Namun pada saat-saat yang demikian genting, tatkala ada semacam pilihan di antara kegentingan memperjuangkan negara yang masih dalam cita-cita dan mengindahkan nilai-nilai lama yang bagaimanapun masih nyata, individu seperti Susi seakan terpental dari pusat gempa perubahan revolusioner. Di tengah situasi yang penuh guncangan, tidaklah mudah untuk “belajar praktis di dalam romantik”. Susi berbeda dari Dina, juga tidak sama dengan Lina, tapi seringkali tidaklah mudah baginya untuk merealisasikan diri.
Kesadaran literat
Saya berupaya menangkap kesadaran di balik karakterisasi Susi di dalam Kejatuhan dan Hati. Upaya itu saya tempuh antara lain dengan bertanya kepada diri sendiri: apa yang hadir dalam ruang selain sosok-sosok pelaku cerita dandialog di antara mereka? Ada apa selain figur dan ujaran? Sebagai pembaca, saya melihat lanskap.
Dari lanskap novel ini, saya mencatat dunia benda yang menurut hemat saya sangat penting, antara lain: kertas, mesin tulis, meja tulis berlaci, surat, buku harian, suratkabar, buku, listrik, uap, perangko, cermin, gambar (=potret), Injil, buku roman, pabrik beras, kereta angin (=sepeda), dan mobil. Rincian benda-benda itu kiranya tidak kalah pentingnya dengan rincian konsep seperti revolusi, cinta, rasa kasih sayang, kemerdekaan, romantik, sekolah, tentara republik, palang merah, pandangan politik, korupsi, dan komunisme.

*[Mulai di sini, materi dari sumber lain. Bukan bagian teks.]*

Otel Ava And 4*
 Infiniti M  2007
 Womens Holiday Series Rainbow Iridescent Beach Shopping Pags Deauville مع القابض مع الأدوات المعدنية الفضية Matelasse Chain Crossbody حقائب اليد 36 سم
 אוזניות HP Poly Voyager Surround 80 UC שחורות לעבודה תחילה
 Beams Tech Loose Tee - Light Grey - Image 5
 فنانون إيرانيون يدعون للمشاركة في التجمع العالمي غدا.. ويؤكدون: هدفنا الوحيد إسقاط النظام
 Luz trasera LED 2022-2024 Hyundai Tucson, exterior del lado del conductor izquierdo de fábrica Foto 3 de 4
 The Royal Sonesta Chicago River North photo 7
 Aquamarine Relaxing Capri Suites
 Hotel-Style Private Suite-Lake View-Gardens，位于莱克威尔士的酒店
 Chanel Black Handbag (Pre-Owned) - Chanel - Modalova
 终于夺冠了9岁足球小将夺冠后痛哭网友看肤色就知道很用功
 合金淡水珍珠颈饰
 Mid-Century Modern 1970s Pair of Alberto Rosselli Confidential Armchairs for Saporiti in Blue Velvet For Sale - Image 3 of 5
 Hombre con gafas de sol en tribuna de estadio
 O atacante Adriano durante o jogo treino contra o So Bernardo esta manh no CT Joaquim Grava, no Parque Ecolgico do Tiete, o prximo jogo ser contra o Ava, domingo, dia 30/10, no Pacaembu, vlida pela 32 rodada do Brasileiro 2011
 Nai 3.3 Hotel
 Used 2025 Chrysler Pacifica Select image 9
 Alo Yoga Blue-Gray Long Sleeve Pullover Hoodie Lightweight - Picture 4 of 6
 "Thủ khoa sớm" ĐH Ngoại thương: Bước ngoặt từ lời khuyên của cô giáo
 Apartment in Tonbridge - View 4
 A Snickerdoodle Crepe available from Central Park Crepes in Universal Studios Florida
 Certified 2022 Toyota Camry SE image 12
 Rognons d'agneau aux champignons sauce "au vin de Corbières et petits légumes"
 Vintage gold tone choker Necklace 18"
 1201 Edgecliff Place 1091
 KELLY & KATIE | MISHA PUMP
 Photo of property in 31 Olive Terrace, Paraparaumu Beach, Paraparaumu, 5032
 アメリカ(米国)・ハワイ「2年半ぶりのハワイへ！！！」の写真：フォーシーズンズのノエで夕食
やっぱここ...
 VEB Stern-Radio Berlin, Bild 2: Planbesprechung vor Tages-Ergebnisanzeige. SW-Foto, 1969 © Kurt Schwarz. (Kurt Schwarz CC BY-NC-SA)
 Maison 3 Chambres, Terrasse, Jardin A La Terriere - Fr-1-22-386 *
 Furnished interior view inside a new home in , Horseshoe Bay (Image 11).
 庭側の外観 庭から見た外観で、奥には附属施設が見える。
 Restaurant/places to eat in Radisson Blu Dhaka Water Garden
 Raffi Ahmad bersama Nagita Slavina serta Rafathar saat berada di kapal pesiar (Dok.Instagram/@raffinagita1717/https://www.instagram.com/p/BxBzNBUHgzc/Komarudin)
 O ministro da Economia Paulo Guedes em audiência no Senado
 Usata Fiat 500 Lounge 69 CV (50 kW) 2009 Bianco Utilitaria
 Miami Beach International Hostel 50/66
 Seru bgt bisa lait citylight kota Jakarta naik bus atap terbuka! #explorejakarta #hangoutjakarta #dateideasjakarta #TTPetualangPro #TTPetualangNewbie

Jika saya pikir-pikir lebih jauh, katalog tersebut kiranya mengacu ke ruang urban tempat tumbuhnya semacam kesadaran literat. Di wilayah perkotaan, diri yang membaca, dan menulis sepertinya, rupanya tak selalu mudah melihat jalan cerita dari perubahan sosial politik itu sendiri.
Novel S. Rukiah bukanlah cerita tentang Lukman, melainkan cerita tentang Susi. Bukan his story, melainkan her story.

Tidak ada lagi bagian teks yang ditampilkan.